Entrare da clandestini, peraltro, significa affrontare viaggi rischiosi, gestiti da organizzazioni criminose. Significa, nel paese di destinazione, venire facilmente risucchiati nei circuiti marginali e illegali. Tuttavia, la clandestinità permette di ignorare il fenomeno. Di nasconderlo: ai nostri occhi (e al nostro cuore). Abolendolo per legge. Silenziandolo sui media. Fino a che? Fino a che il mare non inghiotte qualche carretta travestita da imbarcazione; qualche canotto, stracarico di disperati, che non avevano preso visione delle norme stabilite dalla Bossi-Fini, presso l´ambasciata italiana in Albania, Iraq o Pakistan. Fino a che decine di persone senza volto scompaiono. Al largo delle nostre coste. Allora – ma non sempre: di molti naufragi non sappiamo e non sapremo nulla – l´immigrazione torna ad essere visibile, anche se clandestina. E riappare il dubbio che abolirla per legge, perfino frenarne l´esodo, sia velleitario (e un po´ inverecondo), in tempi nei quali ampie zone del mondo – e molte a noi vicine – sono devastate dalla guerra e dalla povertà. Oppure vessate da regimi autoritari e violenti. Velleitaria e irrealista, la pretesa della Ue, di aprire le frontiere interne e chiudersi all´esterno. Di perseguire logiche integrate, che accelerano la circolazione delle persone, dei capitali e delle merci, ma governano l´immigrazione e la cittadinanza con norme specifiche e diverse, paese per paese. Di immaginarsi fortezza chiusa, costretta a trasformare, per questo, il Mediterraneo in un muro da difendere dal nemico.

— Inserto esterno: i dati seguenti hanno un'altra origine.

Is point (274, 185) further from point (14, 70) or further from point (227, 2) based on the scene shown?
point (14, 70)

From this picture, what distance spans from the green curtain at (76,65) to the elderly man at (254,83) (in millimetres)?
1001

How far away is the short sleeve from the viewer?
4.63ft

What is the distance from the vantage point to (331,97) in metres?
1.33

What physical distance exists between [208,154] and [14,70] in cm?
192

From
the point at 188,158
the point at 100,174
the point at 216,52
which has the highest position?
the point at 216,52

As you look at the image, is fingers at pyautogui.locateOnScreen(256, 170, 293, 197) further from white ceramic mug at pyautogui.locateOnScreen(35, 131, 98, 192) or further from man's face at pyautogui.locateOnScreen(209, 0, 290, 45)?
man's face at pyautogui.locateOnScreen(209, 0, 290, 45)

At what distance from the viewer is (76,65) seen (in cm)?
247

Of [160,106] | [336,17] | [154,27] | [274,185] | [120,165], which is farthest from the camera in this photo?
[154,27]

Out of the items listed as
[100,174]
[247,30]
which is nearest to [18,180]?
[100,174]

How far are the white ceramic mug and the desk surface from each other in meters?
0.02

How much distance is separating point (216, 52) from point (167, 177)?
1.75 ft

C´eravamo quasi dimenticati dell´immigrazione, fino alla tragedia di ieri. Torneremo a dimenticarcene presto. Distratti da altri eventi, da altre emergenze. Ma non illudiamoci. È destinata a riaffiorare. Al prossimo naufragio di “clandestini”. O in occasione dell´imminente campagna elettorale. Che, anche per questo, ci proponiamo di attraversare con cautela. Clandestinamente.